:: EXERCISE DESCRIPTION ::
The answer must reproduce all of the data below exactly and contain no images.

:: DATA SECTION ::
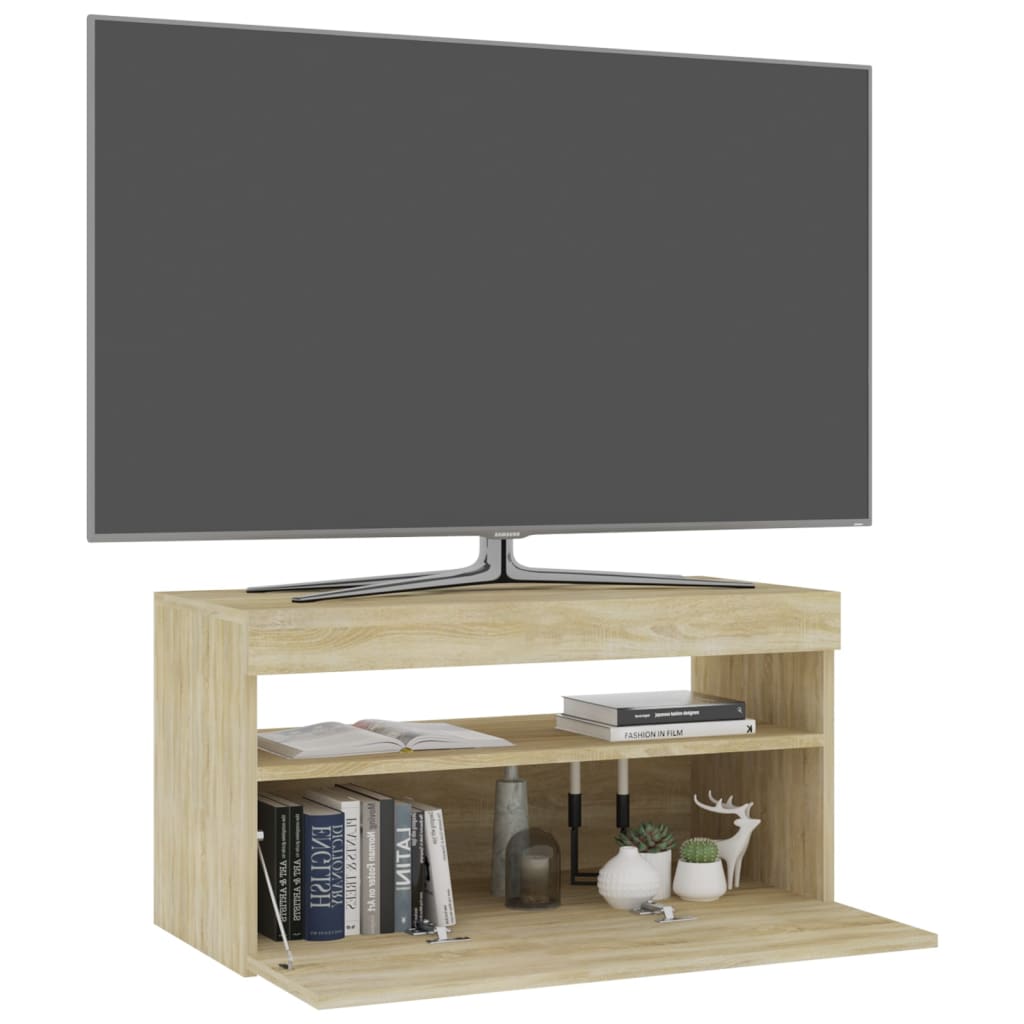 Móvel de TV com luzes LED 75x35x40 cm carvalho sonoma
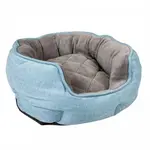 Duvo+ Měkký oválný pelíšek pro psy s tvídovým vzorem S 41x38x20cm nebesky modr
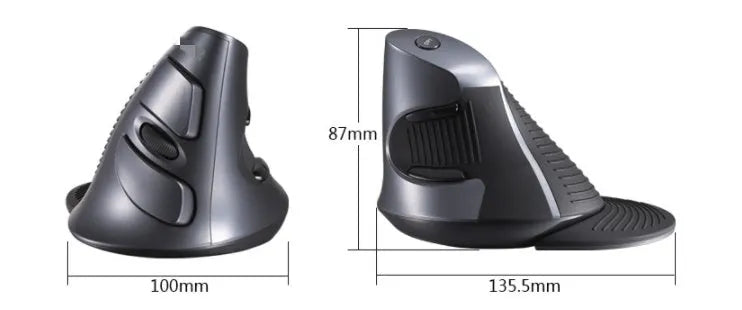 Black M618 wireless vertical ergonomic mouse shown at a 57-degree angle on a wooden desk.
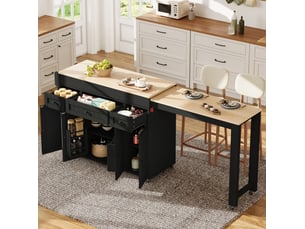 Îlot de cuisine mobile 137x45.2x92 cm plateau extensible mdf panneau de particules noir naturel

:: RESULT BELOW ::
 Móvel de TV com luzes LED 75x35x40 cm carvalho sonoma
 Duvo+ Měkký oválný pelíšek pro psy s tvídovým vzorem S 41x38x20cm nebesky modr
 Black M618 wireless vertical ergonomic mouse shown at a 57-degree angle on a wooden desk.
 Îlot de cuisine mobile 137x45.2x92 cm plateau extensible mdf panneau de particules noir naturel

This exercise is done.